EK: What has it been like to see people engaging with your work?

Sherri Williams: It's just been good for people to learn more about the kind of digital activism that Black people have been doing in defense of our images and in tradition of how we've always worked. To make sure that we are portrayed in mass media images with a degree of authenticity and humanity.

EK: Was there a moment in your research when you thought, “This isn’t just people talking online, this is actually changing what shows get made or canceled”?

Williams: Yeah, so this was actually, my PhD dissertation. I originally intended for my dissertation to be about how immigrant women use mass media, whether it be television, newspapers, and radio; to learn English. But when I was doing my homework on Sundays, I noticed that whenever The Real Housewives of Atlanta would air on television; everything they said, the things they did, places they went, their catchphrases, the things they wore, would end up trending on Twitter.

EK: With the change of Twitter’s ownership and transition into X, what have you noticed has shifted for Black audiences? And do you think, creators still hold the same power and or the platforms calling more of the shots?

Williams: I think creators still hold the power, but I definitely don't think that Twitter does. Twitter is a cesspool for homophobia, transphobia, misogyny, and racism. There has been a clear exodus from Twitter ever since Elon Musk took it over, and it's not just by typical, everyday people, but also by people who are in the television space.

One of the reasons why Scandal was such a big social media hit was because not only did Kerry Washington borrow some of the social media and digital activism strategies that she was using when she was working on the Obama campaign in 2008, but she also got Shonda Rhimes, the show's creator and producer, to tweet about the show and the rest of the cast.

EK: In your book, you talk about “image warfare”—the fight over who gets to define Black identity.

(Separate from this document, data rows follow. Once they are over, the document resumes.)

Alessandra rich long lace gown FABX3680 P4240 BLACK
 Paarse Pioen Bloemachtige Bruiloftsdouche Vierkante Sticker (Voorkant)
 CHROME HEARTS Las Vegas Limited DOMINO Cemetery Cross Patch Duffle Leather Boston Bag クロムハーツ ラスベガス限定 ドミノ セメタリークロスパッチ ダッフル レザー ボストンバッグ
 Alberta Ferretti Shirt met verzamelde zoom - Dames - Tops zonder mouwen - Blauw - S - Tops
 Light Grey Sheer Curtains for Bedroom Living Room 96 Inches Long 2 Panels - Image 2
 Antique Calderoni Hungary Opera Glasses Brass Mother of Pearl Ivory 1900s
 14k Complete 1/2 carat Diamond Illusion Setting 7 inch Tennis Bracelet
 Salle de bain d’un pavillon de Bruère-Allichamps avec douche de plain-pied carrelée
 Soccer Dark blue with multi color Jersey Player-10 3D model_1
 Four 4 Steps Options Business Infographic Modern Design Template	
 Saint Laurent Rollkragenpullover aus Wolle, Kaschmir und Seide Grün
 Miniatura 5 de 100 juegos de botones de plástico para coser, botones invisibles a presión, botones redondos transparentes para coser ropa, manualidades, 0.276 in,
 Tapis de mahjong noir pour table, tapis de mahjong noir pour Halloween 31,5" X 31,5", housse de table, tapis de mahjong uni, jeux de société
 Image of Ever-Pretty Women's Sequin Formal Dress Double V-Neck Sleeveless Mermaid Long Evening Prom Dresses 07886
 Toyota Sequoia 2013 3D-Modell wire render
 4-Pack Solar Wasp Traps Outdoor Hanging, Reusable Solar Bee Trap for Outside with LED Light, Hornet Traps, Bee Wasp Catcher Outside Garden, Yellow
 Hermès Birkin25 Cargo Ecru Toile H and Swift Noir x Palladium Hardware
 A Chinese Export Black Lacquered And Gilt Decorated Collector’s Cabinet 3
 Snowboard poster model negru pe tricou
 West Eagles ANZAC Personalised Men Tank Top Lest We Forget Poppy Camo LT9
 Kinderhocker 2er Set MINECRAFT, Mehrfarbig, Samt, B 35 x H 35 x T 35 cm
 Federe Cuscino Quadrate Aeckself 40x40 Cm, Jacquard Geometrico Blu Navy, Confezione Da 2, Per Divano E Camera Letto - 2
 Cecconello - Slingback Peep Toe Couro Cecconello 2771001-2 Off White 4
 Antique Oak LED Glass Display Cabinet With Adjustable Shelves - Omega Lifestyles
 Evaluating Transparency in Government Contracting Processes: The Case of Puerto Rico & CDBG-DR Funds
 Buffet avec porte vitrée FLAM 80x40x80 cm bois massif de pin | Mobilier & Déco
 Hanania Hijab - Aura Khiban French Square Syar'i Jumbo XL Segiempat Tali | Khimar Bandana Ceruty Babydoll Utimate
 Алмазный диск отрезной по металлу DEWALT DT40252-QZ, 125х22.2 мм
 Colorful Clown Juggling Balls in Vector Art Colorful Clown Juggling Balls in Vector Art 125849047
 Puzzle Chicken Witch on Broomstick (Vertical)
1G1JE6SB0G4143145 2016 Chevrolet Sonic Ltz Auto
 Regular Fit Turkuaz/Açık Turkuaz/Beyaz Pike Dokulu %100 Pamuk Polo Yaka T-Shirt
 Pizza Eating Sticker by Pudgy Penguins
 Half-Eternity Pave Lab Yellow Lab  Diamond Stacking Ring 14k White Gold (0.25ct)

Do digital platforms make that fight easier, harder, or just more complicated?

Williams: I think they really do both. In terms of image warfare, digital platforms and mobile technology give marginalized people, particularly Black people, an opportunity to refute harmful images and do it collectively in ways that can be amplified.

At the same time, these platforms were created by people who, often unintentionally, built them with the same societal prejudices that exist offline. I’m thinking about algorithmic oppression right now.

EK: How do you bring the themes of Black Social Television such as identity, power, and representation into the classroom?

Williams: don't really talk about Black social TV specifically that much. I do bring it into one of my classes, Identity, Power, and Misrepresentation, because it’s about media representations of different marginalized groups across the board. But I mostly teach journalism classes, so it's not really applicable over there.

Generally, what I teach about is how media representations, particularly in the United States, where there is a concentration of media ownership. We basically have these media moguls who are information tyrants, who restrict and constrict what we see and what we hear. The big five companies circulate information that fits into their own interests.

Commercialism and capitalism are the priorities of corporate media, not citizenship. These media companies talk to us like we’re customers—people who are going to buy and consume things—rather than citizens who act on what we see and learn for the betterment of society.